------ MATERIAL PROVIDED ------

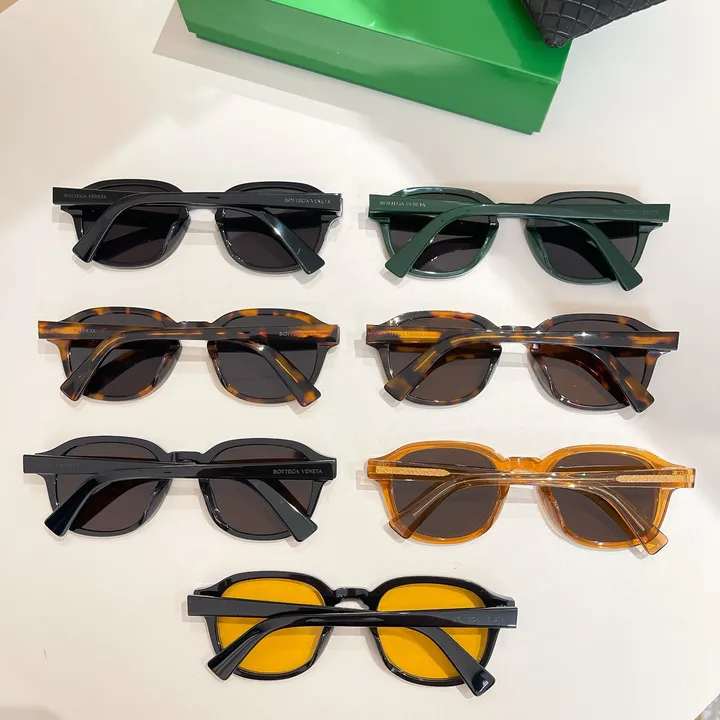 スーパーコピー ボッテガ ヴェネタ サングラス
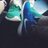 Perf_Sneakers's profile image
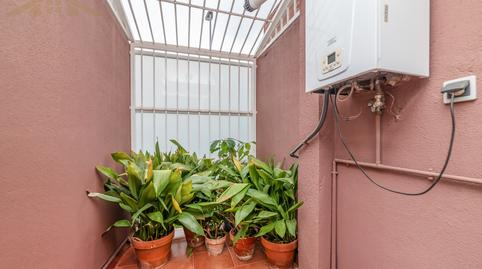 Photo 4 of Single-family semi-detached for sale in Calle Holanda, Altos del Olivar - El Caracol, Madrid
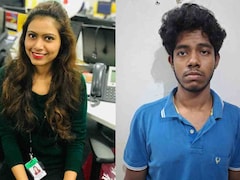 दरिंदगी और फिर सबूत मिटाने के लिए आग... बेंगलुरु में सॉफ्टवेयर इंजीनियर की मौत की रूह कंपा देने वाली कहानी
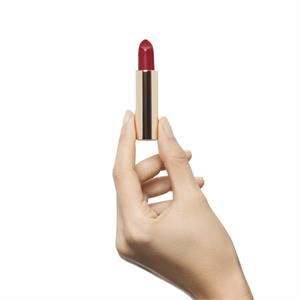 Clarins Joli Rouge Satin Lipstick Refill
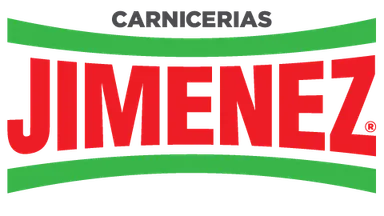 Carnicerías Jimenez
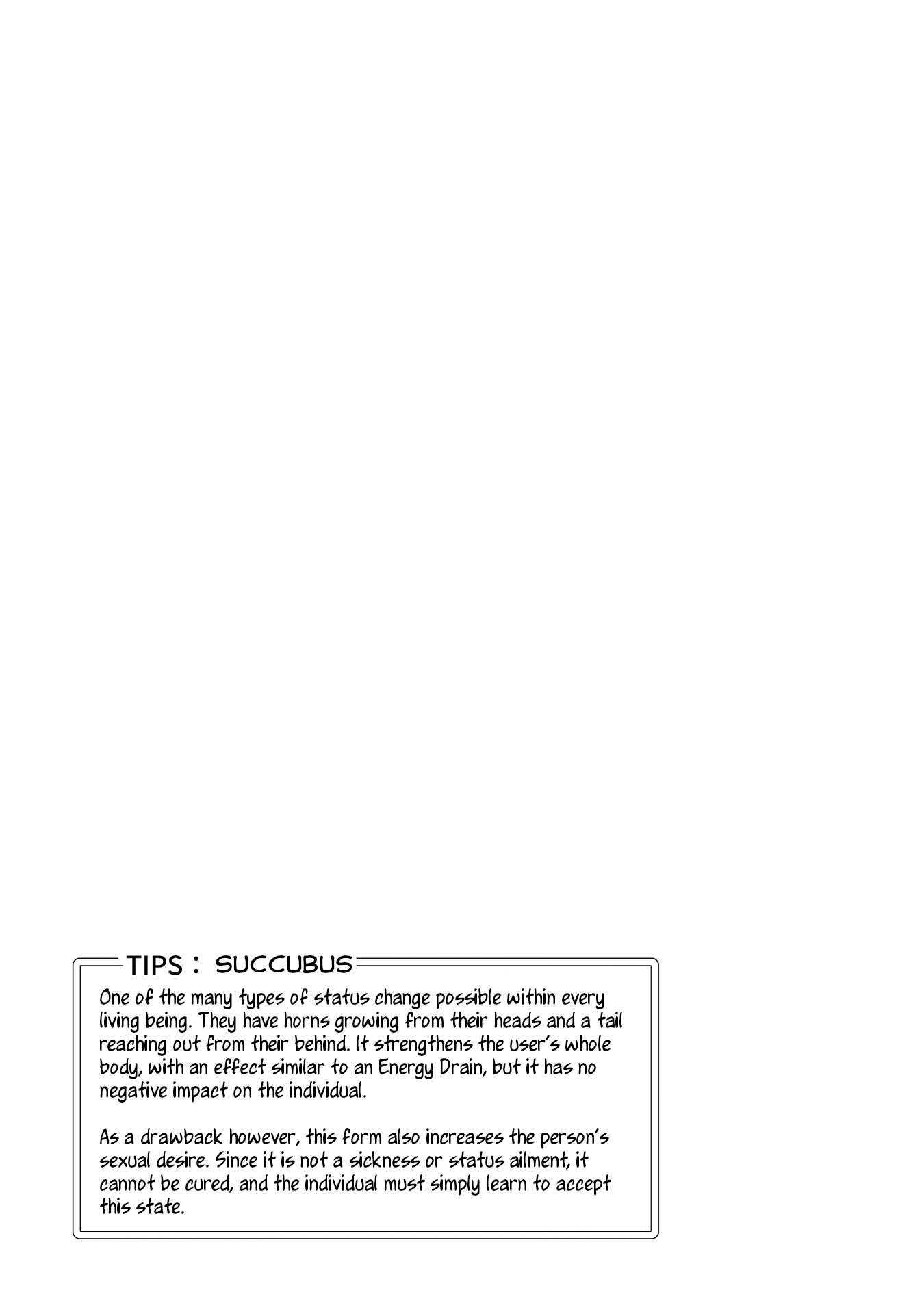Dunking on Succubi in Another World Chapter 22 - Page 26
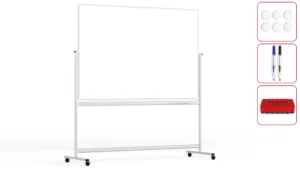TOS1218 10 - magnettafeln.de - ALLboards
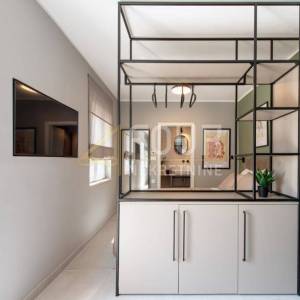 Najam, Rijeka, Zamet, manja kuća - namješten studio apartman!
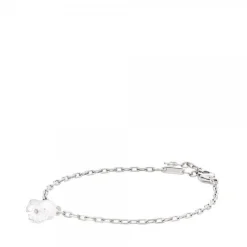 Muguet bracelet lalique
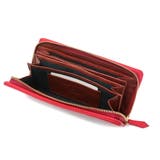 ネルド 長財布 NELD | ギャレリア Bag＆Luggage | 詳細画像15 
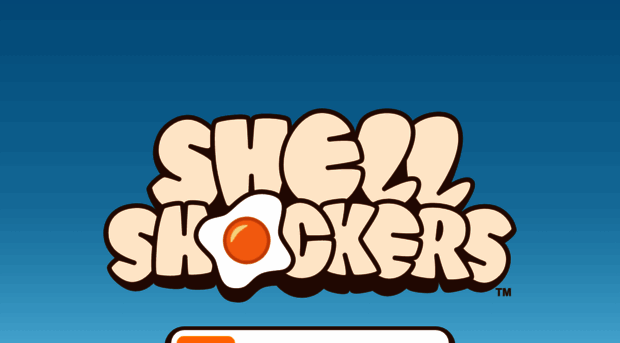 shellshockers.website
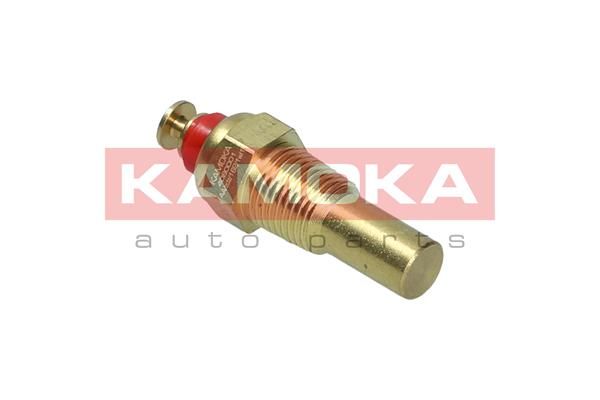 KAMOKA 4080001 Sensor, coolant temperature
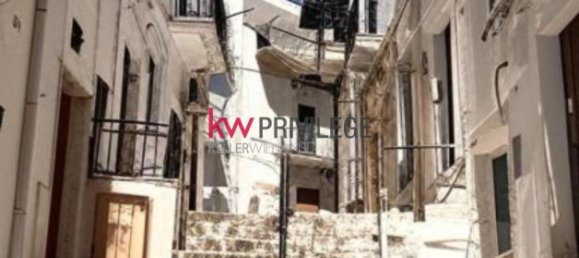 1 bedroom Apartment in Ceglie Messapica, Italy No. 288980 10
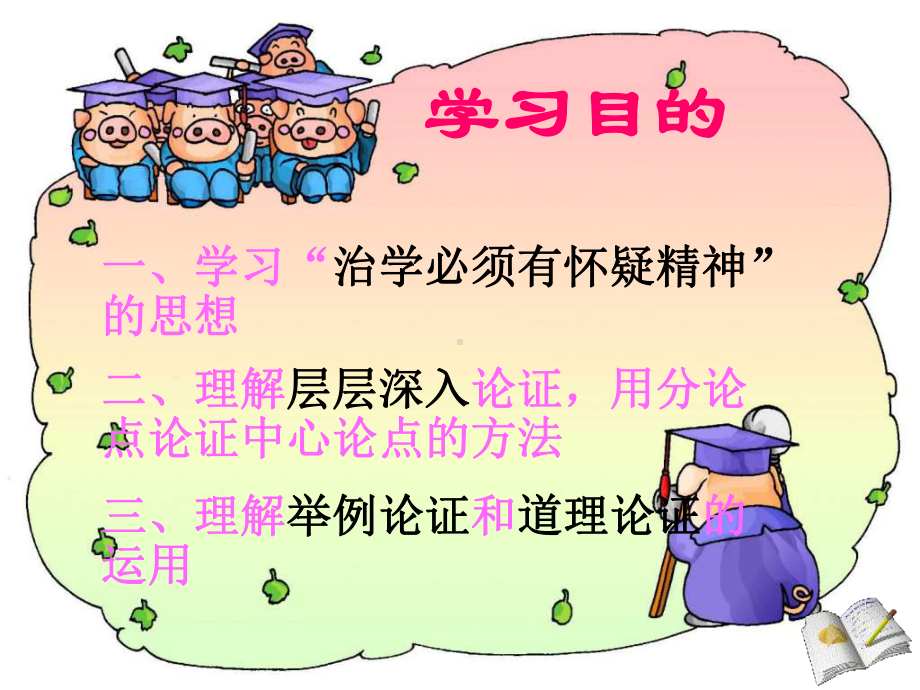 怀疑与学问PPT课件.ppt_第3页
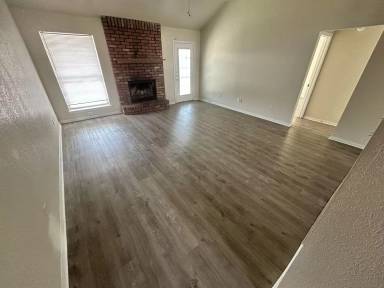 Main picture of 4114 Fawn Dr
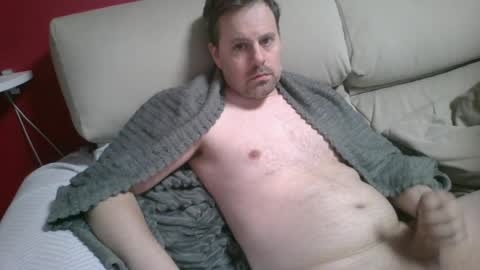 dili999 online show from 11, 4, 2026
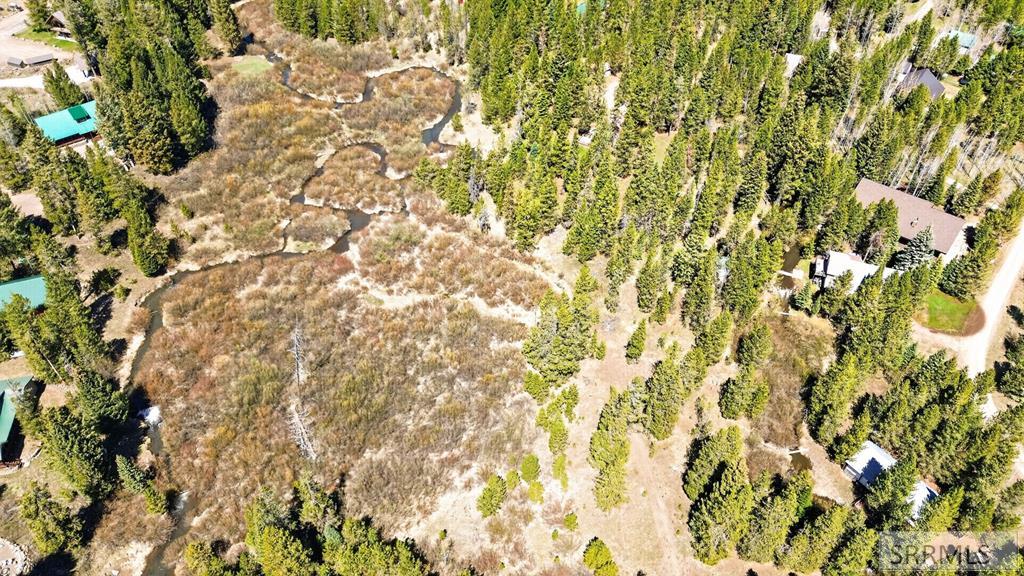 4047 Kickapoo Circle Island Park, ID 83429 - Photo 23 of 35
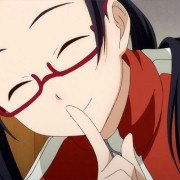 Demi-chan wa Kataritai - galeria zdjęć - filmweb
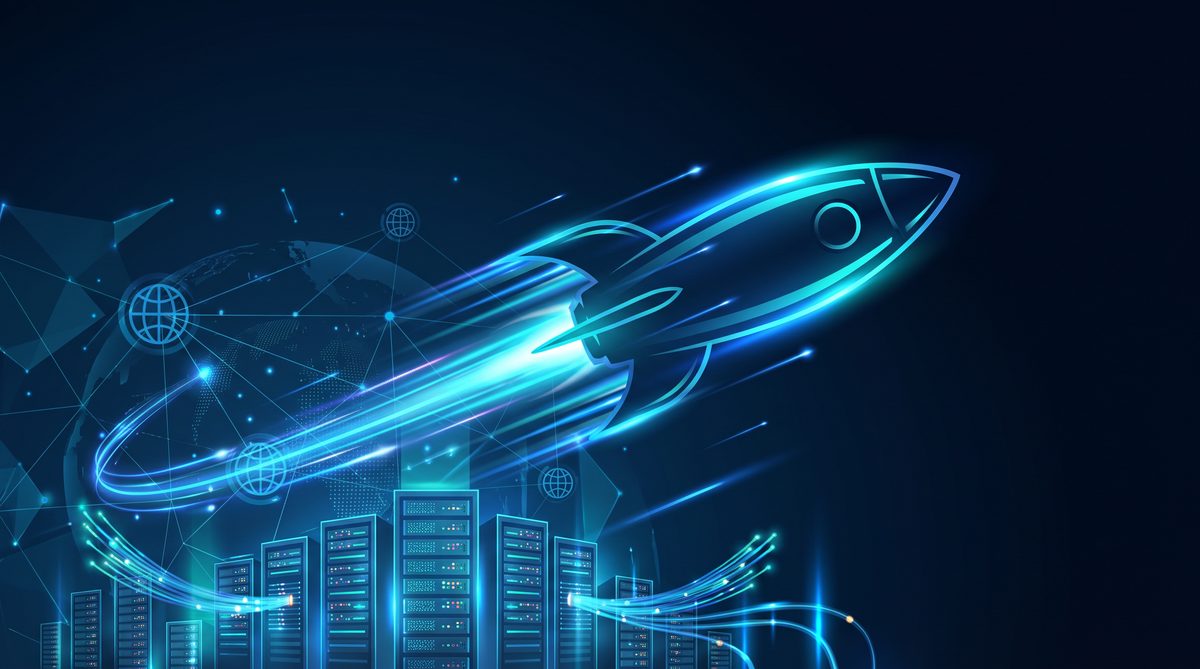 魔兽加速器极速下载加速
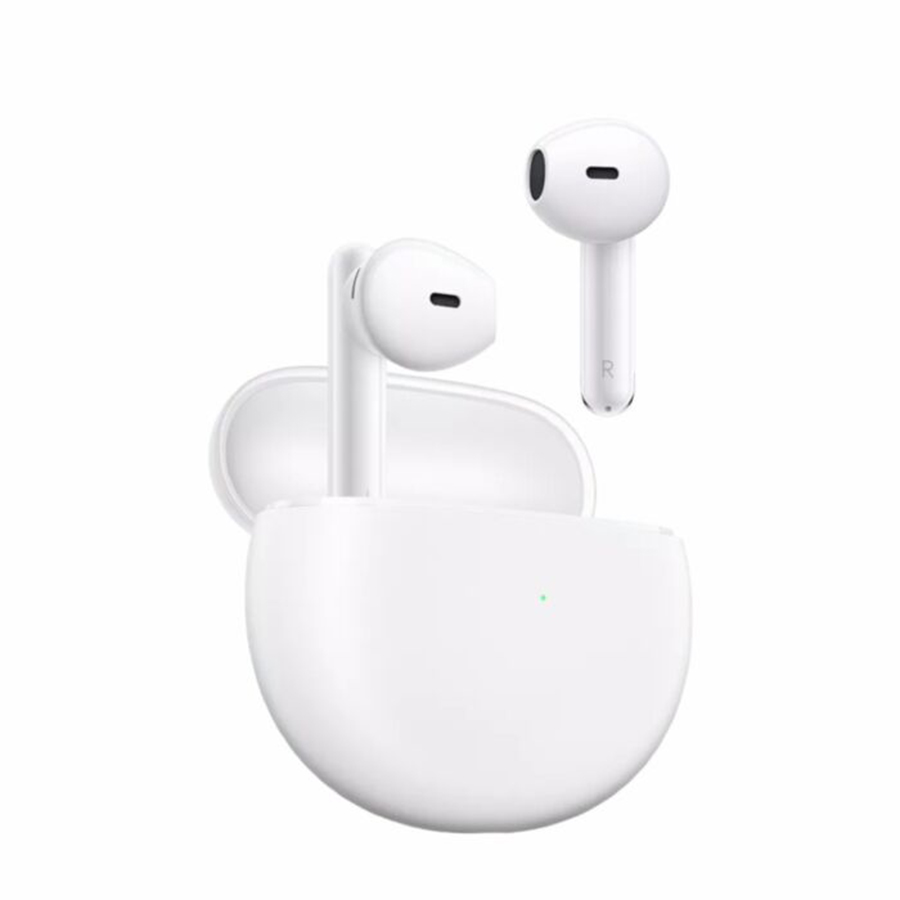 

Наушники Oppo Enco Air Белые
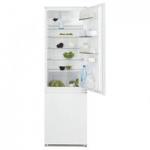 Electrolux ENN2913CDW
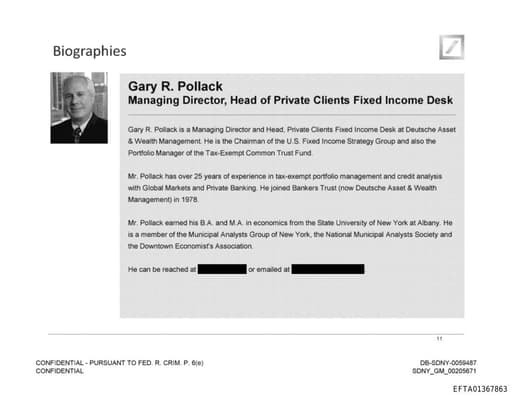 Preview of EFTA01367863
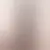 Profil de nandoom27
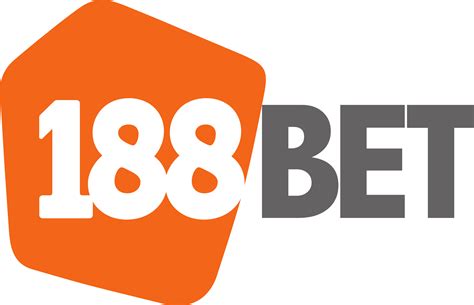 188bet em 2026: Review Completo e Análise Comparativa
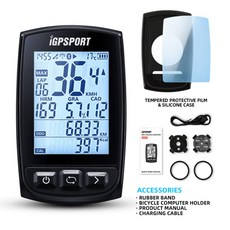 쥬니하니밸런스바이크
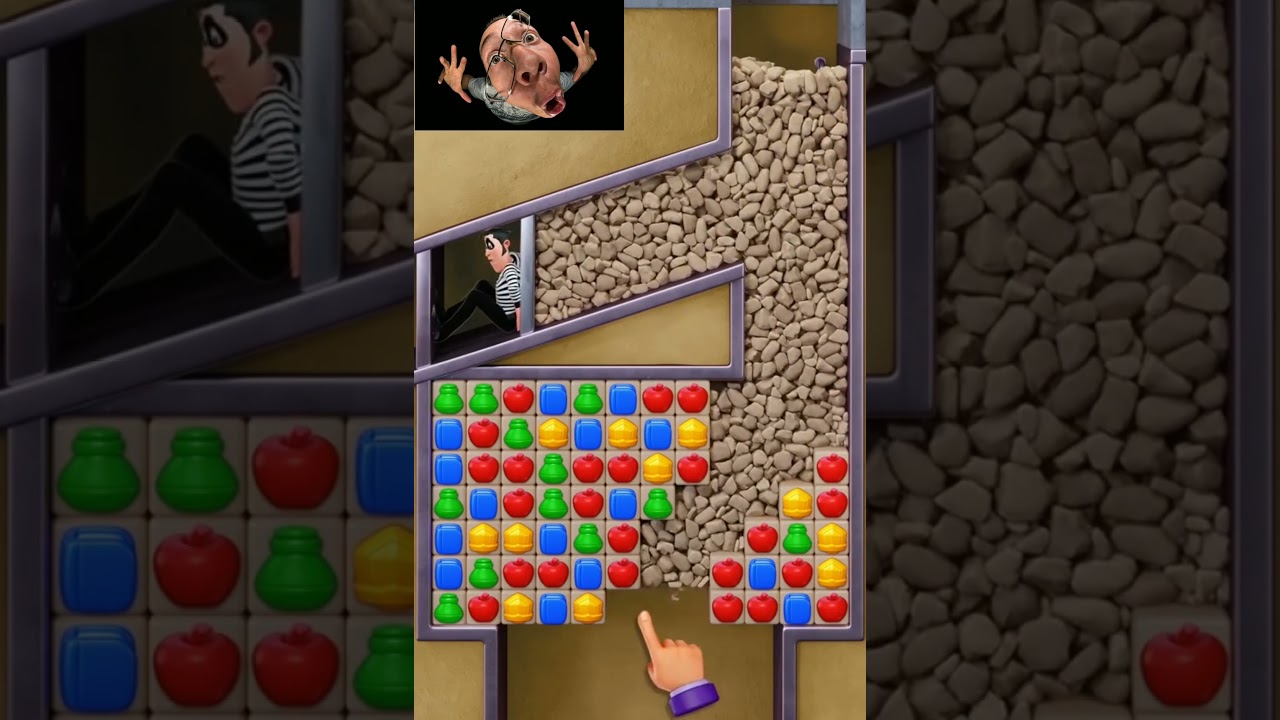 Royal Kingdom: Update Next BIG Mobile Strategy? 🤔 We Play It!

------

**WHAT YOU WILL DO**
Output every record above word for word, omitting any pictures they contain.

**TASK RESPONSE**
 スーパーコピー ボッテガ ヴェネタ サングラス
 Perf_Sneakers's profile image
 Photo 4 of Single-family semi-detached for sale in Calle Holanda, Altos del Olivar - El Caracol, Madrid
 दरिंदगी और फिर सबूत मिटाने के लिए आग... बेंगलुरु में सॉफ्टवेयर इंजीनियर की मौत की रूह कंपा देने वाली कहानी
 Clarins Joli Rouge Satin Lipstick Refill
 Carnicerías Jimenez
Dunking on Succubi in Another World Chapter 22 - Page 26
TOS1218 10 - magnettafeln.de - ALLboards
 Najam, Rijeka, Zamet, manja kuća - namješten studio apartman!
 Muguet bracelet lalique
 ネルド 長財布 NELD | ギャレリア Bag＆Luggage | 詳細画像15 
 shellshockers.website
 KAMOKA 4080001 Sensor, coolant temperature
 1 bedroom Apartment in Ceglie Messapica, Italy No. 288980 10
 怀疑与学问PPT课件.ppt_第3页
 Main picture of 4114 Fawn Dr
 dili999 online show from 11, 4, 2026
 4047 Kickapoo Circle Island Park, ID 83429 - Photo 23 of 35
 Demi-chan wa Kataritai - galeria zdjęć - filmweb
 魔兽加速器极速下载加速

Наушники Oppo Enco Air Белые
 Electrolux ENN2913CDW
 Preview of EFTA01367863
 Profil de nandoom27
 188bet em 2026: Review Completo e Análise Comparativa
 쥬니하니밸런스바이크
 Royal Kingdom: Update Next BIG Mobile Strategy? 🤔 We Play It!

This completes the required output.